How bored and irritated I am by the way in which contemporary plays like Peter Straughan's black farce Bones deal with the subject of gangsterism. Middle-class audiences are nowadays incited to laugh at stupid villains who enjoy a little heavy violence or lots of it, but have difficulty in thinking straight. The governing concern in these plays is to depict lurid scenes of savagery and to make our flesh creep or shiver. The best Revenge dramas by Jacobean playwrights are thick with horrors and sometimes induce uneasy laughter. But such sensational incidents are usually contained within a moral framework. By contrast, Bones, which particularly betrays the influence of Tarantino's Straw Dogs and Martin McDonagh's plays, is comedy without responsibility. There's not that much violence, but the simple aim is to inspire laughter at the expense of blundering criminals. I was in the unimpressed minority at Thursday's preview performance.
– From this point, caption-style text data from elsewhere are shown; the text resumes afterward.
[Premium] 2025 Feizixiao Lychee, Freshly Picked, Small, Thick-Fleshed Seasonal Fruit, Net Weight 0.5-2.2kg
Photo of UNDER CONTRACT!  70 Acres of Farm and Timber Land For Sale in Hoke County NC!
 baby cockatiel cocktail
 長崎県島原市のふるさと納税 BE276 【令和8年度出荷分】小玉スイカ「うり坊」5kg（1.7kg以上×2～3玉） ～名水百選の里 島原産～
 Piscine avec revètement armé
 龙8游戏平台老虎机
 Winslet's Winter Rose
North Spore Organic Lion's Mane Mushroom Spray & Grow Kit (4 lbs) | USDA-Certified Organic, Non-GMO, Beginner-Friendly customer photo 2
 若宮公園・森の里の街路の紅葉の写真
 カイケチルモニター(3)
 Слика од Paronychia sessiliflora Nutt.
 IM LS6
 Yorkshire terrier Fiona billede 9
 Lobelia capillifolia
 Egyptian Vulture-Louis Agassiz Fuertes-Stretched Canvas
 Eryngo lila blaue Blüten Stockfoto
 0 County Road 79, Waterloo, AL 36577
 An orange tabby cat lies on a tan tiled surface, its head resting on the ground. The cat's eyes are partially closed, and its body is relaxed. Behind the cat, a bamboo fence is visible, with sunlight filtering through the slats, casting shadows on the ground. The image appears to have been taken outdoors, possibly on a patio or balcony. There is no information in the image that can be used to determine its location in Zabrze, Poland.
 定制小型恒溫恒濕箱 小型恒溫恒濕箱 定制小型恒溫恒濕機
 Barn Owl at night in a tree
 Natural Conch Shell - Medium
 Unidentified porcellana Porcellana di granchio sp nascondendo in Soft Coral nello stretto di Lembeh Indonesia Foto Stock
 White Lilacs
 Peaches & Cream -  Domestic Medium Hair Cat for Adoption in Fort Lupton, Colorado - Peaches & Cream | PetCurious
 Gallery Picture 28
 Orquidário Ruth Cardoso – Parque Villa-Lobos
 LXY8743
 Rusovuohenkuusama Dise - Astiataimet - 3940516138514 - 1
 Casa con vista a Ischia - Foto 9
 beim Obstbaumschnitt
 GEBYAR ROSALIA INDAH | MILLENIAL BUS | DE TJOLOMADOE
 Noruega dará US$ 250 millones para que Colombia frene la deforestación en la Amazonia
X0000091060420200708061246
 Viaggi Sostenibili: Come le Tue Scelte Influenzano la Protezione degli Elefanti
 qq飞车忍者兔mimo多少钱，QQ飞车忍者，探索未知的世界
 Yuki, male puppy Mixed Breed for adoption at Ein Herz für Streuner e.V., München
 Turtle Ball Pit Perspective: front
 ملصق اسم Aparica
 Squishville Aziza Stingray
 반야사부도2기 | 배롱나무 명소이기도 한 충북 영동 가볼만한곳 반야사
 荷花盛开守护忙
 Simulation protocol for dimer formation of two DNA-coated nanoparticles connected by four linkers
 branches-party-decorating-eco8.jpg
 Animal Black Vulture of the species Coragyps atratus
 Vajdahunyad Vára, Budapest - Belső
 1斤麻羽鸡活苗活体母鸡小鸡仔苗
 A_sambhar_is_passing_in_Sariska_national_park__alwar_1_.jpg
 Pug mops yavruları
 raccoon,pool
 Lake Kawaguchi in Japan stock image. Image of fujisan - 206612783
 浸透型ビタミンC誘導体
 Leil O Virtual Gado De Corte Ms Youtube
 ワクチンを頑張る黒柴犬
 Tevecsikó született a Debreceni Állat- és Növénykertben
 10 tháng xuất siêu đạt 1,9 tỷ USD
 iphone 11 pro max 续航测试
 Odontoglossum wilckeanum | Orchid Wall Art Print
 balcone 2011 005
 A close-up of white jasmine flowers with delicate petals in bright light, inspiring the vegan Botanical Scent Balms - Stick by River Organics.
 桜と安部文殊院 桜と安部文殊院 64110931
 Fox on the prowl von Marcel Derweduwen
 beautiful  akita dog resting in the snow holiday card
The play is set during the 1960s, though whether before or during the first flush of hippiedom and the dopey, flower-power movement, Straughan never tells us. A man claiming to be Reggie Kray, who, with his twin, Ronnie, was top gangster of the times, strolls into a near-bankrupt Gateshead cinema that shows unlicensed porn films. Within an hour of so of revealing his identity to Ruben, the young Jewish co-owner of the fleapit, this dread villain has drunk himself stupid, is stripped, tied up and blindfolded. For Straughan's black comedy is founded upon the farcical and unbelievable notion that a timid, amateur villain like Ruben would seek to hold Kray for £4,000 ransom so he and his brother Benny (Deka Walmsley) can pay their debts and ride off into some foreign sunset.

It's no surprise that Straughan, who has a real flair for villainous repartee, fails to draw much drama or comedy from this implausible scenario. That the cinema's two projectionists, first seen respectively dressed in a gorilla suit and as Tony Curtis's cross-dressing hero from Some Like it Hot, should conspire to kill Kray, takes the play deeper into the realms of unreality. The close of the first act, when Ruben puts his physical courage to a bloody test, raises no more than shudders of disbelief.

A secondary theme is in more doubtful taste. Questions about Ruben's tangled, personal history and his identity as a self-loathing Jew are raised, amidst anti-Semitic jibes, but never investigated. The climactic surprises blast home the reminder that Bones has no serious intentions and is not funny enough. At least Max Roberts's deft production is powered by Jonathan Singer's disturbed Ruben, who's fired by neurosis and tension, even while bonding with David Cardy's cocky, menacing Reg.